The perception of this comes from the idea that I simply do not see this world in a way which the majority of people do. I love this planet - I love this life; how can anybody not? It is so varied, rich and immensely convoluted, that it has always felt to me like a circus which nobody has been able to organize properly - even though the lion tamers, tigers, clowns and elephants, are all waiting for their turn to dance for the masses.
This is just a metaphor, and, life is whatever you see it to be.
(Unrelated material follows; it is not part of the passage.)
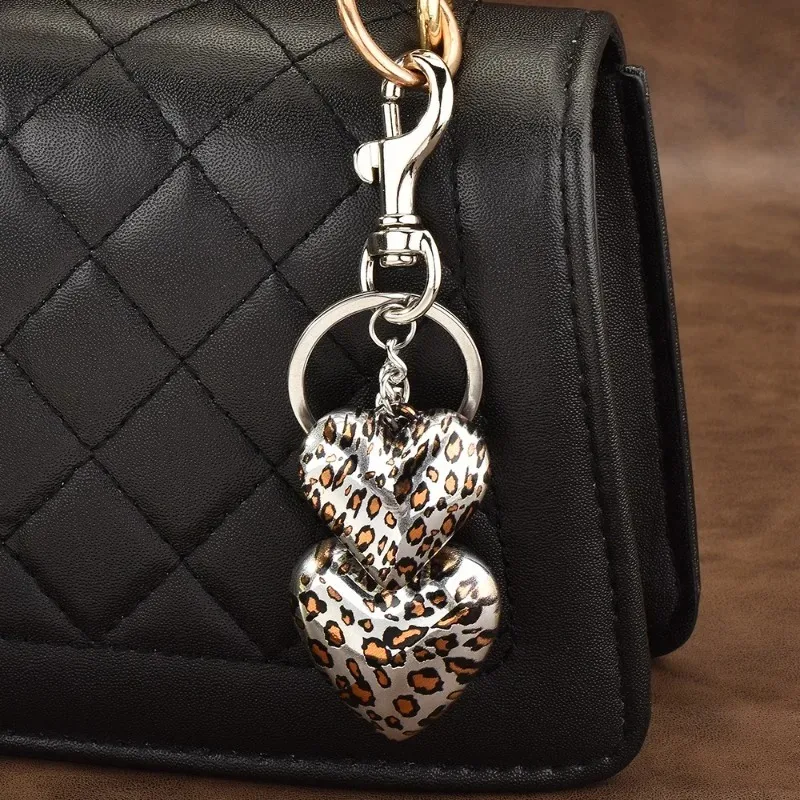 ヒョウ柄のキーホルダー、ファッショナブルなカーバッグペンダントとアクセサリー、バッグハンガー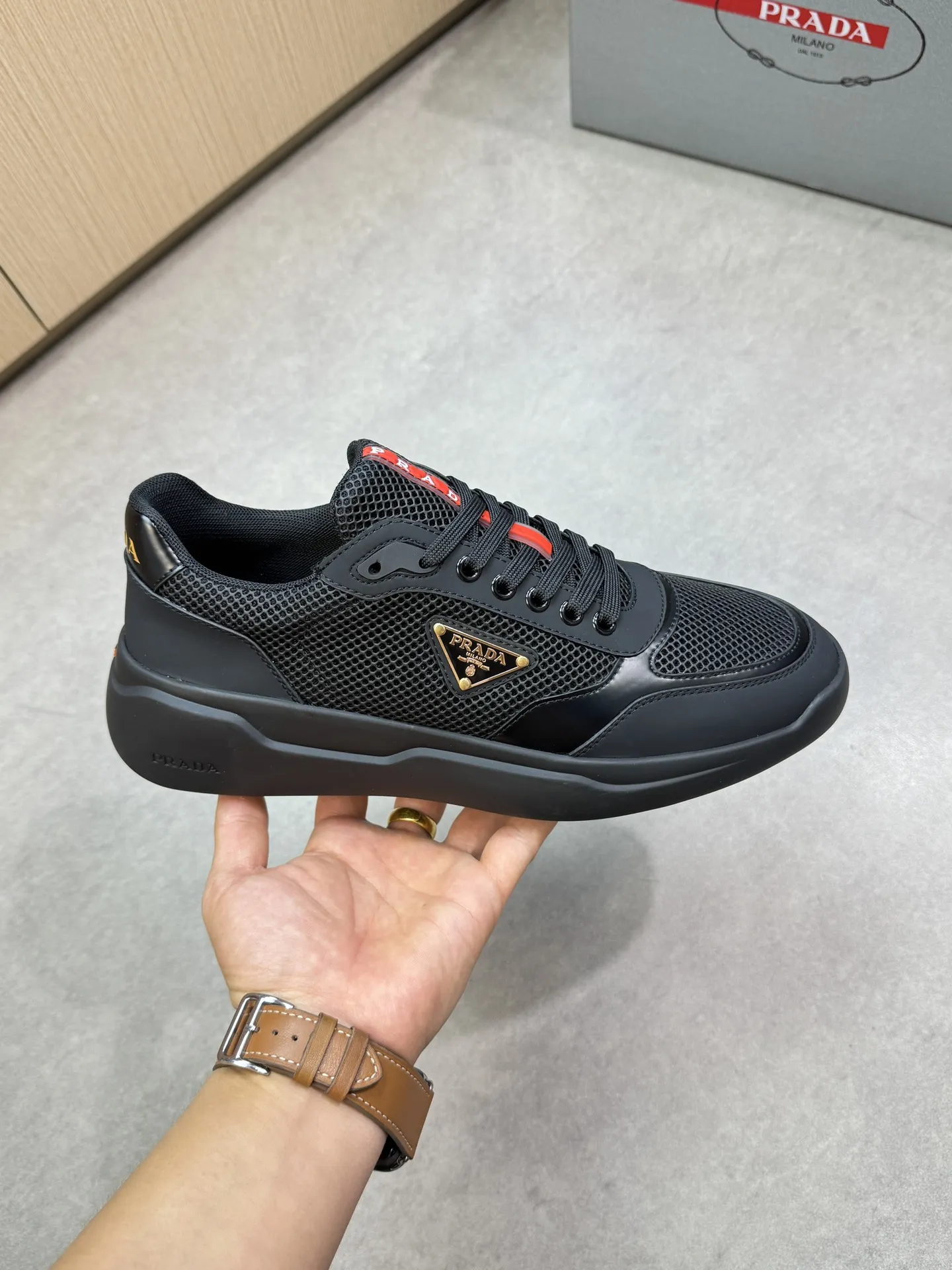 【 PRADA】普拉达 P320💰 -高端品质 原单🔍🔍🔍休闲运动鞋 -鞋面：🔝丝绸小牛皮、品牌高丝光镂空网帆布、鞋舌车缝品牌塑胶logo、鞋身品牌金属扣件 -内里：水染牛皮 -大底：超轻高透TPR&middot;橡胶; 成型大底 -超高品控&middot;做工精细：凸显(高端&middot;贵气&middot;档次) -Size ：38-45（46，可订做)&middot;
But what is insanity anyway? To me insanity is seeing men in their 50's wearing football shirts with the names of boys in their 20's on the back - putting their entire validation modes upon people they will never even meet. It is an entire cinema remaining silent, as none of them believe they have a social right to tell some noisy knob-head kids to keep it down. It is watching guys try to develop rapport and attraction with a woman by talking about data-cables while kissing their arse - ignoring every last aspect of the female emotional drive. It is watching generations repeat the ignorance of those which existed above their own, while passing it downward to those below them. It is knee-jerk reactionaries reading tabloid papers and believing every ounce of bullshit designed to propagate hate and fear, in order to sell more newspapers. It is accepting truth with question, conforming to every standard belief system and idea, and bowing to the pressure of the masses - as if some unquestionable law book of life was written by a monotheistic, omnipotent figure or creation.
I understand that human evolution never progressed with thought of the mind in any form of construct - hunters hunted, nurturers nurtured - a pretty simple plan for a pretty simple people. And that the pressure in humanity to conform to the masses, or risk the fear of being ostracized and... the greatest true fear of all humanity - alone. But we have been building our modern world for over 10,000 years now. An inception in a generation of great thinkers, is surely only so far away?
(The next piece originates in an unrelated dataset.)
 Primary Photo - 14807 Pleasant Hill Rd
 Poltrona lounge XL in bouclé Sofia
The world needs more free thinkers and radicals who are considered somewhat nuts. Not psychotics who cause others emotional or physical harm, or those who crack from the pressures of life to embark upon an existence of manic street preaching or walking around in the same clothes carrying shopping bags (See my Bagman blog), but souls who see the circus of life in purely independent terms. I personally connect with those viewed as off the wall in much greater depth than anyone else. Not people who act and dress and appear different purely, so others think they are (I feel a little sorry for those who do this, but still send them some love for trying), but the genuine single-minded. I would rather hang with somebody who believed that they were once a cat in a previous life, than some boring barstad who allows the Daily Mail do their thinking for them.
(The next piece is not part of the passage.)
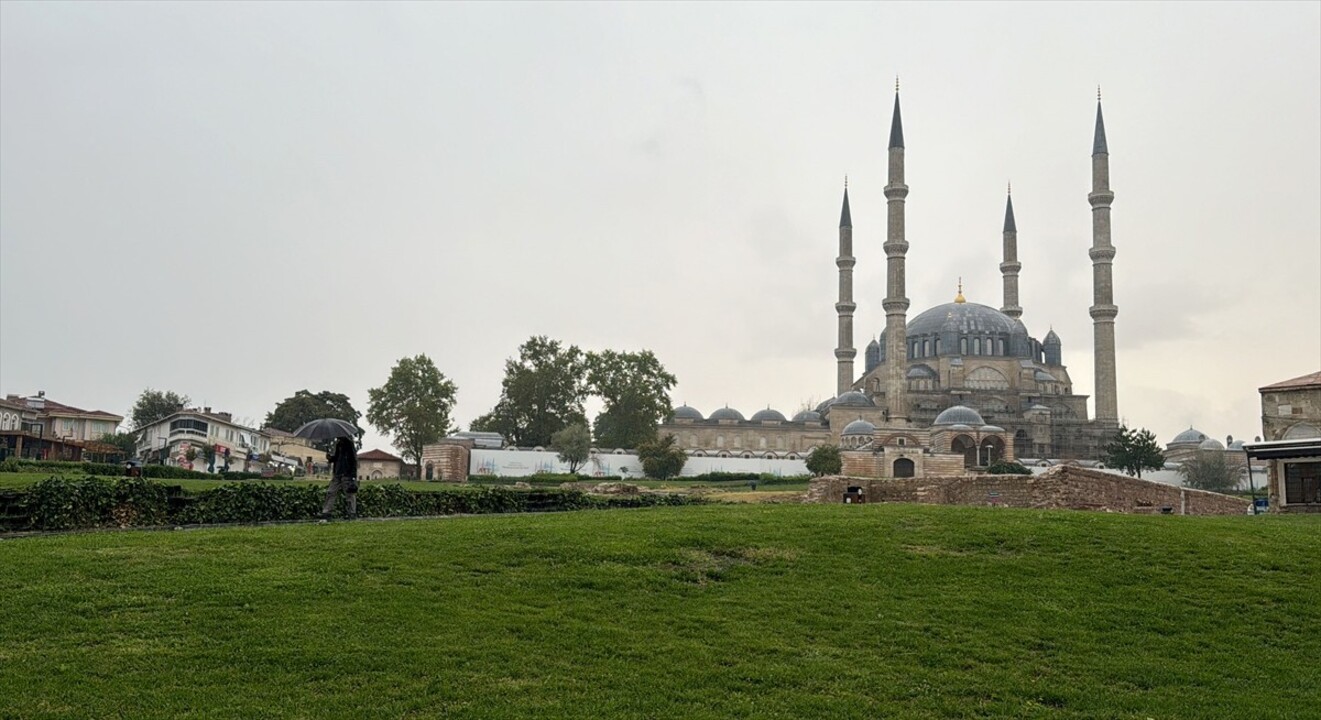 Edirne'de, sabah saatlerinde ara ara kuvvetlenen yağmur yağışı gerçekleşti. Vatandaşlar yağmurdan...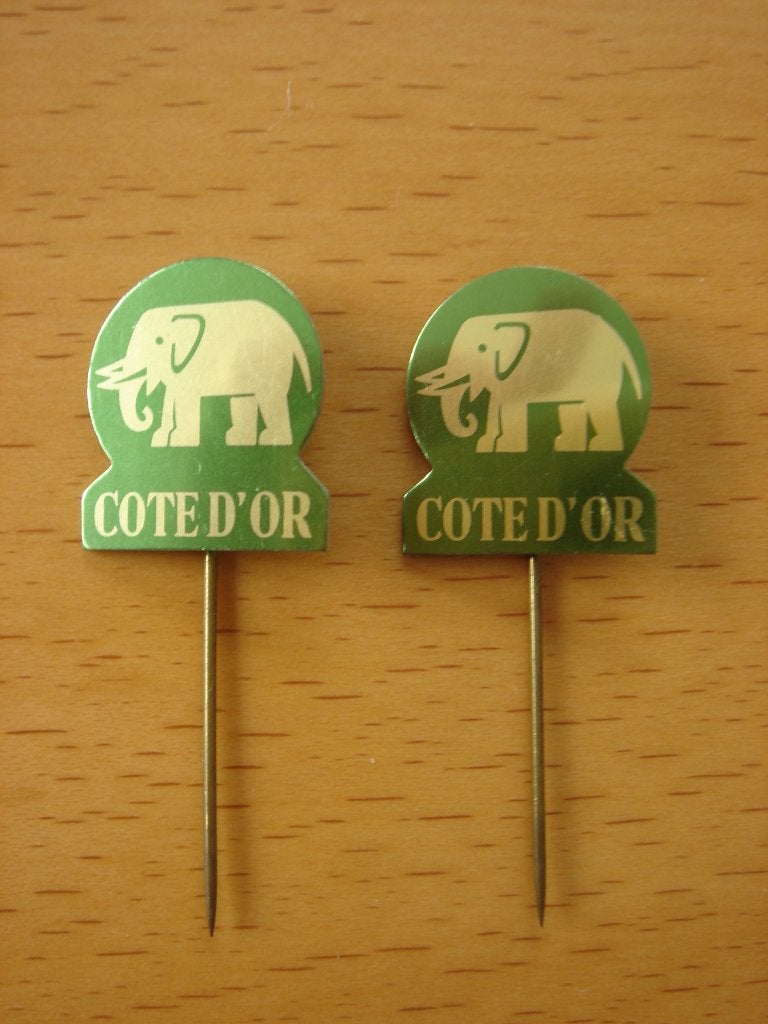 2 Spelden Cote d’Or - Olifant, Verzamelen, Ophalen of Verzenden, Gebruikt, Merk, Speldje of Pin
I know this blog itself may come across as a little odd to some. But I believe in my own personal view that self-awareness is the greatest barometer as a prevention tool of losing your mind. So as long as I remain knowledgeable that some people may consider me to be a little crazy, then I am not really crazy at all.
I ask you to embrace your own ideas - I know deep down we all have them, and it is hard in this world to openly express them. But, unless your independent ideas are of any harm to other members of the species - why should you keep them locked away? When somebody trusts you, they will tell you all sorts of incredible and original thoughts about life that they have within themselves... just make sure you keep them with you, it is not very nice to tell others that which you have been told in secrecy.
The older I get, the more I find myself caring less and less for convention. Structure is a good rule of design to regulate the world and all its amazing ideals and inanimate objects of living, as well as withholding anarchy and mass hysteria. But there is no reason that i have to think as others want me to think, to act as society tells me to act, or to adhere and submit to global truths designed by other human beings. I love people - humans are amazing, wonderful and fascinating creatures, but I am not willing to let anybody, anywhere, ever, do my thinking and construction of belief and idea for me. My brain is my own, and I protect it like it were the Fort Knox of neurology. And if doing such a thing makes me insane? Then that is exactly what I am!
And perhaps, it is the one truly great thing I can take from the family I come from. In that hardly anybody I am related to is not full or original, independent thought. Of course, I don't happen to agree with it all, but than again... if I did, that would be boring anyway...
And I leave you all with one simple yet random question...
What is the boldest action in your life, you have ever undertaken?